Are Densely Built or Sprawling Cities Better for Conservation?
There is no clear consensus on whether densely packed or sprawling urban development best meets biodiversity and conservation goals. According to a new review by researchers at NC State, ecological outcomes of these development patterns are best assessed when studies use the same population, land area, and level of human needs for each landscape configuration. This allows researchers to decide which urbanization scenario is best suited to a specific community and its surrounding ecology.
While the tradeoffs between biodiversity and increased urban development – or “urbanization” – are well established, it’s not understood how different development patterns could positively or negatively impact conservation goals. For example, urban growth can lead to habitat fragmentation which can negatively impact biodiversity hotspots where many species of plants and animals live.
Urbanization can contribute to landscape fragmentation, car-dependence, an increase in impervious surfaces like asphalt or concrete, and low water quantity and quality. So, it’s important to understand if other development patterns could be utilized by city planners to reduce the impacts of urbanization on the regional ecology.
“Urbanization is basically the clustering of human social and economic activities, and a corollary to that is the expansion of those clustered human settlements and social and economic activities,” says Adam Terando, an ecologist with the Southeast Climate Adaptation Science Center and co-author to the review. “But that can be in all dimensions of space from 2D to 3D space.”

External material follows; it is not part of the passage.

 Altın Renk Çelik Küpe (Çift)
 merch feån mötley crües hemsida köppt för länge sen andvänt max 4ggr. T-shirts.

The sparing-sharing framework is adapted from agroecology and is used to determine which land-use configuration maximizes total populations of animal or plant species by comparing population density and total yield (how much crop was produced in equal-area landscapes of different agricultural intensity) for as many individual species as possible. Once modeled, researchers can then determine which landscape configuration maximizes the total population for each species.
While useful for planning crops, this framework may also be useful for planning cities and can help demonstrate how species and communities may respond to different patterns of urban development. In this urban context, “sparing” is when densely urbanized areas sit alongside untouched areas, and “sharing” is low-density development throughout and across a larger area of land – but with more greenspace interspersed in the city.
To see whether the sparing-sharing framework has produced actionable conclusions for urban ecologists, researchers conducted a review of sparing-sharing literature from 2010-2021. They identified studies in 22 cities on four continents, covering 296 species, 21 community metrics, and 26 indicators of ecosystem services or processes. Study designs varied with five studies using the classic sparing-sharing approach, which compared population density and level of urbanization for each species to show which configuration maximized population, diversity, and ecosystem services.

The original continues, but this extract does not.